The process appears to allow Deliveroo, and others, to make the claim that the workers are actually ‘self-employed suppliers’ rather than workers because most of the interactions are made through smartphones. But the Uber court decision is unlikely to be ignored. Lawyers are already eyeing up a possible case against Deliveroo, and a hearing over delivery courier Hermes’ working practices is also on its way.

Goodwin explains: ‘I think the Uber judgment could slow things down. Businesses that use these kinds of arrangements are going to have to think far more carefully about what the relationship is. All new businesses will be very cautious about this and will start looking at this when starting out.’

That is not to say that these kinds of contracts will disappear – for many start ups that are capital intensive and require a large workforce, they will remain the obvious choice and are best suited for computer algorithms to determine which ‘suppliers’ to use on a day-to-day basis. And with traditional investors pouring money into these start ups and hoping to hit the next Deliveroo or Uber, they will start to become impatient if they do not see a swift return.

Mariana Mazzucato, the RM Phillips Chair in the Economics of Innovation at University of Sussex, explains why this has become such a big issue. ‘One of the biggest problems in modern day capitalism is the extreme financialisation of large companies. The S&P 500 companies in the last decade have spent $3.5 trillion on share buybacks – not reinvesting those profits back into human capital, but just boosting their share prices.’

She adds that private equity funds and venture capitalists in the UK typically expect a return on their investments within three to five years, which is tough when you consider the most successful start up of recent years, seven-year-old Uber, made a loss of $1.2 billion in the first half of 2016.

Nowak adds: ‘There are obviously some companies who are using technology to drive down workers’ pay and conditions and weaken the employment relationship and de-skill jobs.’

In a new initiative, following the Government’s decision to change the Business, Innovation and Skills Department into the Department for Business, Energy and Industrial Strategy, business leaders and politicians have been meeting to discuss what ‘industrial strategy’ means and to what extent technology plays a role.
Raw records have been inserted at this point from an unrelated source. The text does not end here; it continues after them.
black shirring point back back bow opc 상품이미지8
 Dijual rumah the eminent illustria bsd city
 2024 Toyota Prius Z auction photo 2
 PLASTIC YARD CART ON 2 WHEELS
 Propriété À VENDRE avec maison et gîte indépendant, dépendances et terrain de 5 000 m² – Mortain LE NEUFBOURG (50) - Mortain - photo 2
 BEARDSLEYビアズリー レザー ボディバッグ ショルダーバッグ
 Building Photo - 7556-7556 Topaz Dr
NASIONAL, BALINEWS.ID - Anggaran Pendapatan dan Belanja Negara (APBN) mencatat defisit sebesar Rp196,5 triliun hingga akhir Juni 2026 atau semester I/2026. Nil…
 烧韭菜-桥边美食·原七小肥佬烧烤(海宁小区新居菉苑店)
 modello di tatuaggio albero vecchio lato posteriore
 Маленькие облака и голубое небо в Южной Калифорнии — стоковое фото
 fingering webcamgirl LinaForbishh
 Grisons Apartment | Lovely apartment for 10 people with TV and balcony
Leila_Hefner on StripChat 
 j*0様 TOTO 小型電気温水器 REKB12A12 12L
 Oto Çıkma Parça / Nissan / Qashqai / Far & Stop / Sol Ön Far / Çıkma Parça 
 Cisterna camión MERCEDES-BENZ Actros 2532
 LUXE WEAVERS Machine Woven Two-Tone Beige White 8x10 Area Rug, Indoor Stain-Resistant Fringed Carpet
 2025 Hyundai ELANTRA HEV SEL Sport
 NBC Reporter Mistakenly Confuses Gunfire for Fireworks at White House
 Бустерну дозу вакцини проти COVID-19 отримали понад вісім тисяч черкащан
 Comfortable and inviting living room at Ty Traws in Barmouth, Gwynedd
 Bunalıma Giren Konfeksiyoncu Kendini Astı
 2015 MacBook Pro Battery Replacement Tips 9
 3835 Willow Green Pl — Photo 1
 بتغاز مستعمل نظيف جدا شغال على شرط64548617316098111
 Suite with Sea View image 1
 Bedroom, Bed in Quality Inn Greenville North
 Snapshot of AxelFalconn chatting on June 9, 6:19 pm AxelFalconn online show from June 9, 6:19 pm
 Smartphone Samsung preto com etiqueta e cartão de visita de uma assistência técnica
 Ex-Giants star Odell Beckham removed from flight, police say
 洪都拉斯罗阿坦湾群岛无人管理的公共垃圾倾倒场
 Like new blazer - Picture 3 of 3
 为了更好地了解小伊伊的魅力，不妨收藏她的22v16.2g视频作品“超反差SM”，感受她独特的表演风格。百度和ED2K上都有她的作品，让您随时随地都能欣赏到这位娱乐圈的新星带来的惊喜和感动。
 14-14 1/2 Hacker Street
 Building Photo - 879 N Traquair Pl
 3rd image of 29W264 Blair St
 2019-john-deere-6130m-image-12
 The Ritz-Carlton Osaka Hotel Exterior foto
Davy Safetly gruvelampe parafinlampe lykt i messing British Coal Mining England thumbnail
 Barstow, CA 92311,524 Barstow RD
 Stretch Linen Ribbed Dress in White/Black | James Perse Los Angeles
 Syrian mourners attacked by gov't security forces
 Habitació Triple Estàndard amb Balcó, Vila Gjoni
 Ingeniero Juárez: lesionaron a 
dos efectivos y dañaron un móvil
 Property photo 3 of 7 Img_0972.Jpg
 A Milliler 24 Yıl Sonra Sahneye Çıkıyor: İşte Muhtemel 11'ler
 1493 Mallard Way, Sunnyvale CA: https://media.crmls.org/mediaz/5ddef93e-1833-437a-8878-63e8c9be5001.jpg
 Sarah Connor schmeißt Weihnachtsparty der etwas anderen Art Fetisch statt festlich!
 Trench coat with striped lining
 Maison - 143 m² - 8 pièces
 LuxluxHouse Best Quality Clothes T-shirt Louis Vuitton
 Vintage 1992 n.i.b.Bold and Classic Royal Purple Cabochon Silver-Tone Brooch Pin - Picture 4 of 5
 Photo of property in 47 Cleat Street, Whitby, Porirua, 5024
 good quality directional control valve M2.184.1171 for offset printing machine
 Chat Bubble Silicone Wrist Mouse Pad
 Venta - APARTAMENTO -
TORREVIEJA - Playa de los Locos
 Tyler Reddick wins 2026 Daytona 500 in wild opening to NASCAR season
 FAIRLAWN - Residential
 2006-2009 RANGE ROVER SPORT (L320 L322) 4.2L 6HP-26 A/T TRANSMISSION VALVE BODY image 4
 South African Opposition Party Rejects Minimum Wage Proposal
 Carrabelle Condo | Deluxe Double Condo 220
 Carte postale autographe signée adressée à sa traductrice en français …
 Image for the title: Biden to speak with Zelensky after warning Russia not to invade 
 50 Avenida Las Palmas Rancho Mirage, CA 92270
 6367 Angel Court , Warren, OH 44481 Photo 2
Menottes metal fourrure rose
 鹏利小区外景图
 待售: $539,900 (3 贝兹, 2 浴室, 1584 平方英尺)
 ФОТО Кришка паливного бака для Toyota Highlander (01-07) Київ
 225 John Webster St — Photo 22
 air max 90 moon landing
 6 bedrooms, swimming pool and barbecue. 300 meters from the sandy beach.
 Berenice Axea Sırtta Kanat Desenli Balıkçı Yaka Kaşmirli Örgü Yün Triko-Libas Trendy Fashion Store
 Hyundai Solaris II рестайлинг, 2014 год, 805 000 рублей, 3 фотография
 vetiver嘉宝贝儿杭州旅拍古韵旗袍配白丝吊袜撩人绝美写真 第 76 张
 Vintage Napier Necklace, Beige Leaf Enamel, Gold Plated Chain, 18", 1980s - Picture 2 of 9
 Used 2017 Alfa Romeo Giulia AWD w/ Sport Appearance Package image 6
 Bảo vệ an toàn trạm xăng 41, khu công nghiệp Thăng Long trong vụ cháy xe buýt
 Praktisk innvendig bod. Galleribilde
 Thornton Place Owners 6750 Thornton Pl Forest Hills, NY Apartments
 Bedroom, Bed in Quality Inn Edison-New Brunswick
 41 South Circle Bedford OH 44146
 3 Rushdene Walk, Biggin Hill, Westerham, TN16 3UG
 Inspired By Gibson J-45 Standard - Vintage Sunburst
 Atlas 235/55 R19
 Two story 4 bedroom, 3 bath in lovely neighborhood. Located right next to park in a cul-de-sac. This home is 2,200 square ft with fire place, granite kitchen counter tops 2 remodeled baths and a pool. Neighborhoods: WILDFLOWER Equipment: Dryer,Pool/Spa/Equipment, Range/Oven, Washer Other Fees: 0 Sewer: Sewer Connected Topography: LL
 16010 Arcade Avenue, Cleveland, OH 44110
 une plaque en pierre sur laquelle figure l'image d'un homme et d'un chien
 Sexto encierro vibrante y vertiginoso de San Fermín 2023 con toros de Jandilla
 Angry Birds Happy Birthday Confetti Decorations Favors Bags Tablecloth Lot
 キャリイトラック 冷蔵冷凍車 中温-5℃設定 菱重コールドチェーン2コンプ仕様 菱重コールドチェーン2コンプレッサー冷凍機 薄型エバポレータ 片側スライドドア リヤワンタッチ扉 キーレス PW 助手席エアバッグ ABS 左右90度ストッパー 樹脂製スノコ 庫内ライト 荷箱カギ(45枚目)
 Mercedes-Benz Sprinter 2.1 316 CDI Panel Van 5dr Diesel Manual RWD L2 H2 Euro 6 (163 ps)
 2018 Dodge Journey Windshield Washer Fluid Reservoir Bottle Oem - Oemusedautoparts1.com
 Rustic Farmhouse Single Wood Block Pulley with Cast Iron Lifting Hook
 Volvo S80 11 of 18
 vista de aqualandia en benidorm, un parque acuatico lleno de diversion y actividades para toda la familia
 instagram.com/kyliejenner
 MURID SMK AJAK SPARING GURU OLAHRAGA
There are obviously some companies who are using technology to drive down workers’ pay and conditions and weaken the employment relationship and de-skill jobs

But Wright, whose committee will be responsible for scrutinising the Government’s industrial strategy, explained that the new forms of employment contracts must also be taken into account for the future.

He says: ‘In the past you would have certainty and stability with a job for life. That’s not the case now, so we have to ensure that bogus self-employment is eradicated because the level of exploitation when it comes to workers by businesses seems to be growing.’

Laws will no doubt be tightened and exploitation clamped down on, and there are already calls for the Government to start scrutinising the rules closely and help start ups not fall foul of negative headlines at the least; employment tribunals at the worse.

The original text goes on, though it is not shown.